Bobby Hunt

Personal information
- Date of birth: 1 October 1942 (age 83)
- Place of birth: Colchester, England
- Position: Forward

Senior career*
- Years: Team / Apps / (Gls)
- 1959–1964: Colchester United / 149 / (81)
- 1964–1966: Northampton Town / 40 / (10)
- 1966–1968: Millwall / 43 / (13)
- 1968–1971: Ipswich Town / 26 / (4)
- 1971–1973: Charlton Athletic / 36 / (11)
- 1972–1973: → Northampton Town (loan) / 5 / (3)
- 1973–1974: Reading / 16 / (3)
- 1974–1975: Maidstone United / ? / (?)
- Total:  / 315 / (125)

= Bobby Hunt (footballer, born 1942) =

English footballer (born 1942)

Robert Rex Hunt (born 1 October 1942) is an English former footballer who played as a forward in the Football League.

==Career==
Born in Colchester, Essex, Hunt began his career with hometown club Colchester United in 1959, where he made 149 league appearances, scoring 81 goals. He was signed by Northampton Town in 1964 where he spent two season, scoring 10 goals in 40 league appearances. Hunt holds the record for the most goals in a Football League season for the U's, notching up 39 goals in one campaign. He formed a partnership with Martyn King, the two strikers regularly scoring over 20 goals a season during their time with the club. In 2008, Hunt was inducted into the Colchester United Hall of Fame. He moved to Millwall in 1966, scoring 13 in 43 league games, before moving to Ipswich Town, with a record of just four goals in 26 appearances between 1968 and 1971, although he was part of the Second Division winning team of 1967–68. His next club was Charlton Athletic. During his time with Charlton, he scored 11 goals in 36 league games, and was also loaned to former club Northampton, where he scored three goals in five games. He left Charlton for Reading in 1973 where he spent one year, making 16 appearances and scoring three goals. He finished his career with Maidstone United.

==Honours==
- Colchester United
- Football League Fourth Division Runner-up (1): 1961–62

- Ipswich Town
- Football League Second Division Winner (1): 1967–68

==Outside football==
After retiring, Hunt worked in the commercial department at Colchester United.
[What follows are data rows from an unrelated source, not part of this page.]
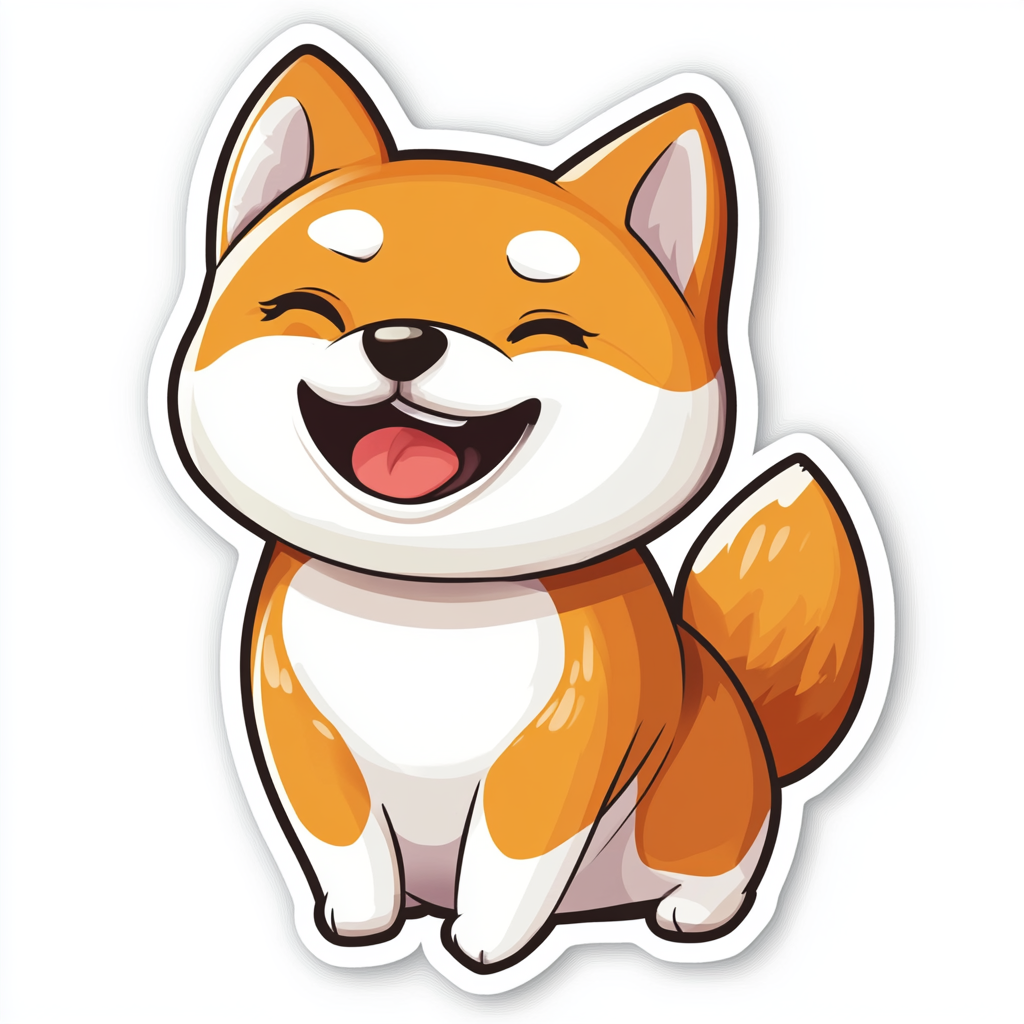 Shiba Inu sticker cartoon style Expressive surreal Vinyl Decal Sticker for Car, Laptop, Tumbler and more # F025849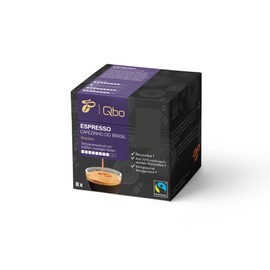 Tchibo Qbo Espresso Cafezinho do Brazil Premium Coffee Capsules, Pack of 8 (Espresso, Intensity 8/10, Spirited & Nutty), Sustainable, Made from 70% Renewable Raw Materials & Climate Neutral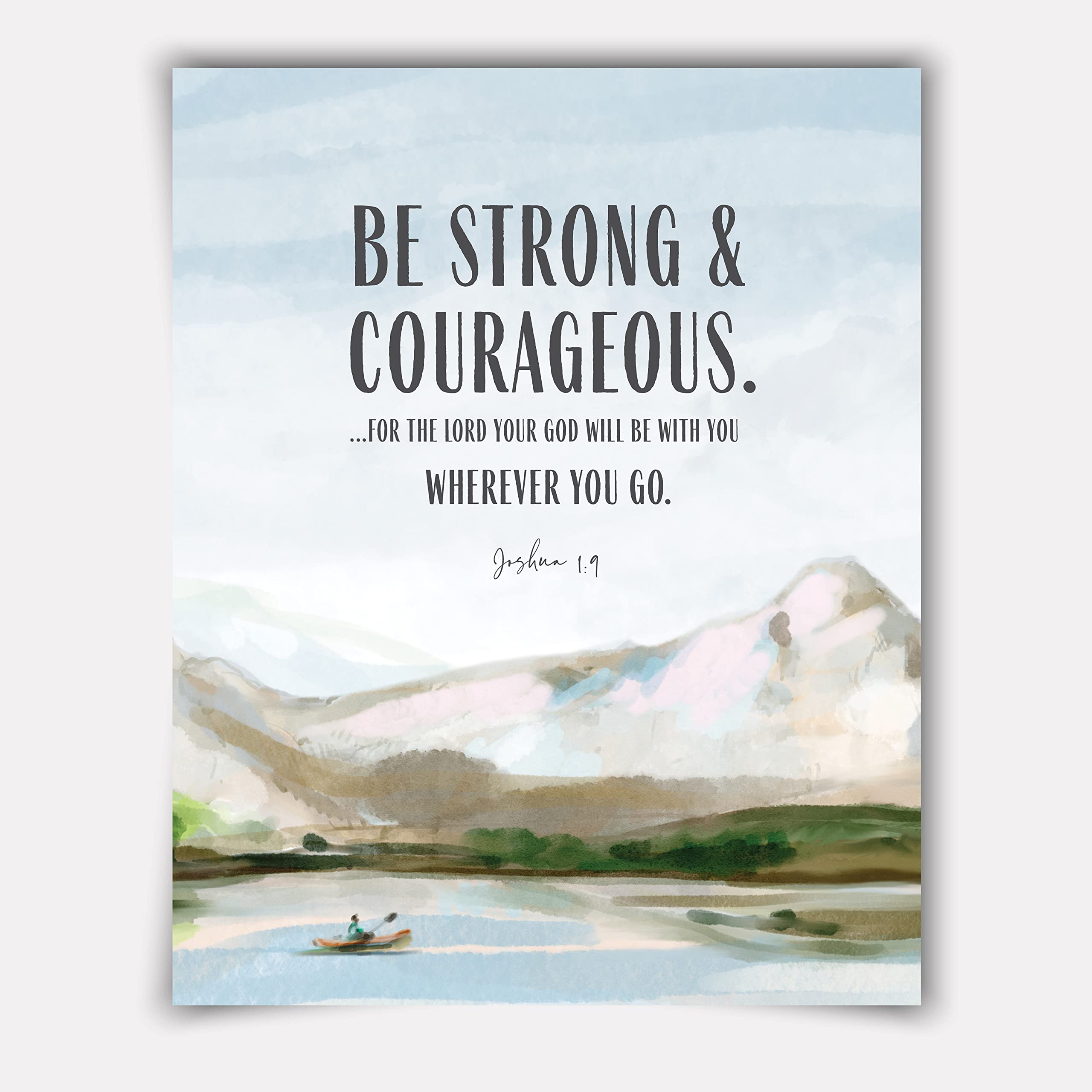 Scriptionery Inspirational Scripture Wall Art Set - 4-Piece, 8x10 Unframed Posters, Cardstock - Green/Blue/Gray/Brown, Model MOUNT-810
Hunt stood as an independent candidate in the 2012 elections to Colchester Council. He campaigned against the Council's proposed closure of Joyce Brooks House, a sheltered housing complex he currently lives in. He reached second place in the polls, receiving 194 votes, but failed to overtake the Labour incumbent Tina Dopson, who was re-elected with 926 votes.